“The market is solidifying rather than moving, and that’s not a bad thing. The bubble is not bursting, it remains intact,” Vessegh said. “Buyers are becoming more discerning and, despite the stability in the market, sellers want the assurance of a guarantee.”
Take this quote from The Art Newspaper:
The results across the auction houses this week indicate the market is in full recovery after slumping between 2014 and 2016.
That impression comes from the pull back at the very top of the market during 2016. The period from 2014, when the market last peaked, to today has been a prolonged consolidation of prices. That is one reason the flipping at the very top of the market hasn’t been able to generate big results.
That long-term consolidation in prices, as well as what appears to be a great deal more activity at lower levels of still quite valuable market, has created a dynamic sales band in the low to middle seven digits:
“There’s a real sweet spot around the $3m-$4m mark,” said Alex Branczic, Sotheby’s head of contemporary art in Europe.
With so much activity in the middle market, there is mis-match between seller’s expectations on pricing and buyer’s estimation of value. That may explain the continued presence of guarantees in a market that ought not to require them given the pricing stability.

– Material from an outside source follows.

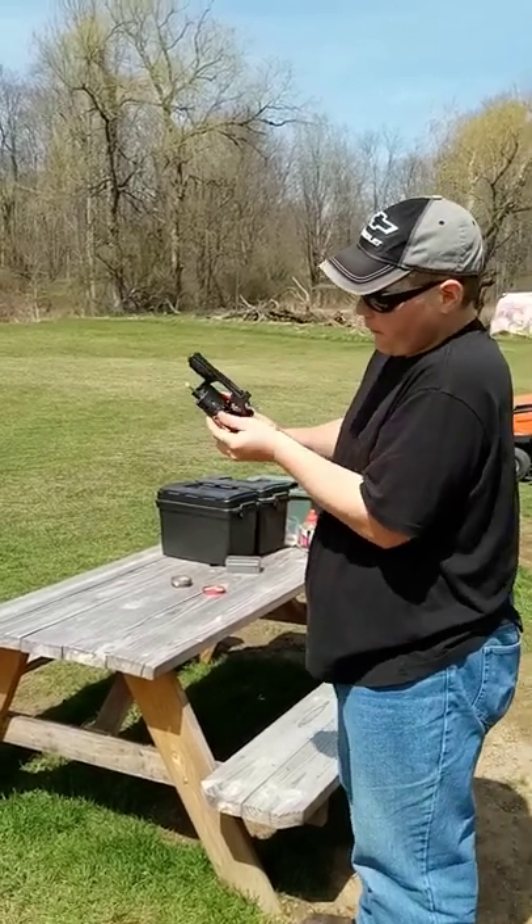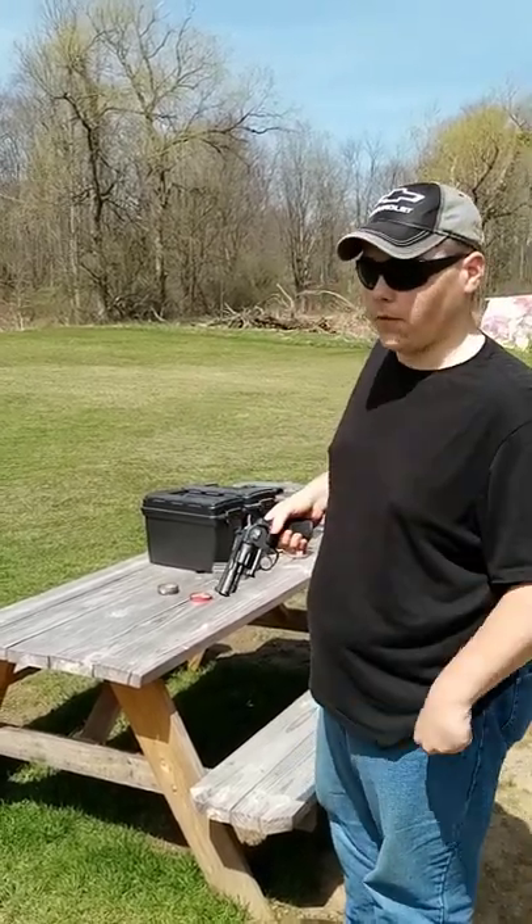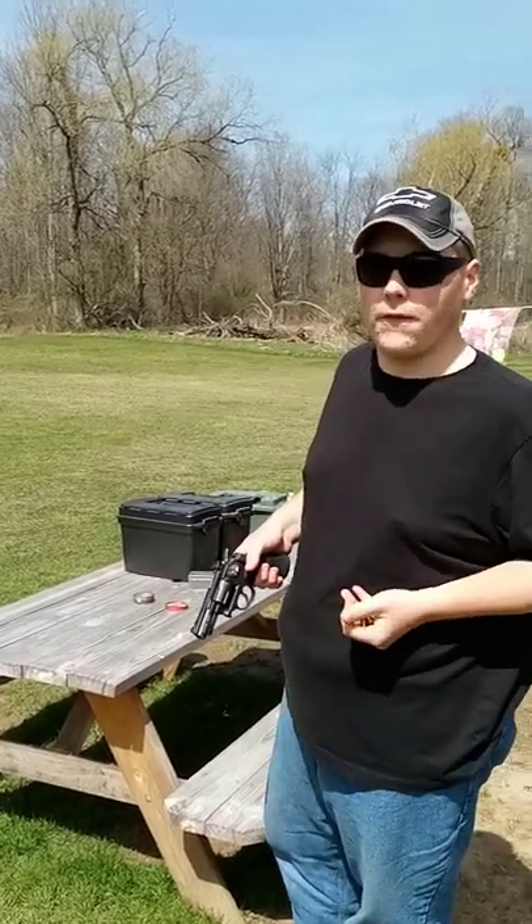My tabletop review and my field test will be on my channel. If this is your first time here, please consider subscribing. Stay safe and I hope to see you guys next Tuesday, May 3rd, 2022. Bye for now.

Phillips had guarantees on a third of their Evening sale lots. Probably the highest proportion given the small size of the sale. But the auction house is in a different competitive position from its rivals.
Whatever the arrangements, Phillips proved that it is market for pickers, as Judd Tully points out:
Allen Jones’s highly stylized composition of a pair of legs in vampy stiletto-heels, T-riffic (1966), which sold to Nick Acquavella of New York’s Acquavella Galleries for £580,000 (£705,000 with fees), well above its high estimate of £350,000.

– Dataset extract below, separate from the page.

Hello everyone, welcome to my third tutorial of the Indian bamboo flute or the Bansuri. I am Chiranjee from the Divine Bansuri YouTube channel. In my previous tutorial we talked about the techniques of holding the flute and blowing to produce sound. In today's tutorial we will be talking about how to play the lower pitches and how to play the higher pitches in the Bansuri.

Lucian Freud’s nearly 16-by-22-inch Small Naked Portrait (2005) in oil-on-canvas sold, again to Acquavella and again for above its high estimate, for £650,000 (£789,000 with fees).
Colin Gleadell noticed that some big collectors with ties to larger auction houses took advantage of the pricing arbitrage to get their works featured prominently:
Then there was an early painting by Georg Baselitz, P.D Idol (1964), that also carried a notable provenance, if more discreetly. Though not stated in the catalogue, the seller was Dallas collector Howard Rachofsky, who acquired it from Hauser & Wirth in New York in 2006. The unsettling image, looking like something out of Alien, sold just within estimate for £1.8 million ($2.5 million).
Three works thought to have come from the collection of GAP founder and major collector Don Fisher all had third-party guarantees. Anselm Kiefer’s 12-and-a-half-foot-wide painting Der Meistersinger (1981-2) received one bid from the artist’s dealer Thaddaeus Ropac before selling on the low estimate for £1.8 million ($2.5 million).
Sigmar Polke’s double-sided, semi-transparent painting on polyester, Untitled (1989), slightly disappointed, selling on a single bid at its low estimate for £969,000 ($1.3 million), so probably to the third-party guarantor. And a 1964 Cy Twombly, similarly guaranteed, sold on the low estimate for £609,000 ($840,000). […]
However, it was interesting to see that Dutch corporate collection Triton, which had sent work for sale at Sotheby’s and Christie’s, also included Phillips in the mix. Five works from its holdings were sold over the course of the evening, all above estimate, and none were guaranteed. They included […] an erotic bronze sculpture in an edition of 10 by Marcel Duchamp that sold to Thaddaeus Ropac for £501,000 ($692,000), the second-highest price for the edition.
With Phillips playing an increasing role in the market, the dynamics of this stable environment may soon shift. How is anybody’s guess.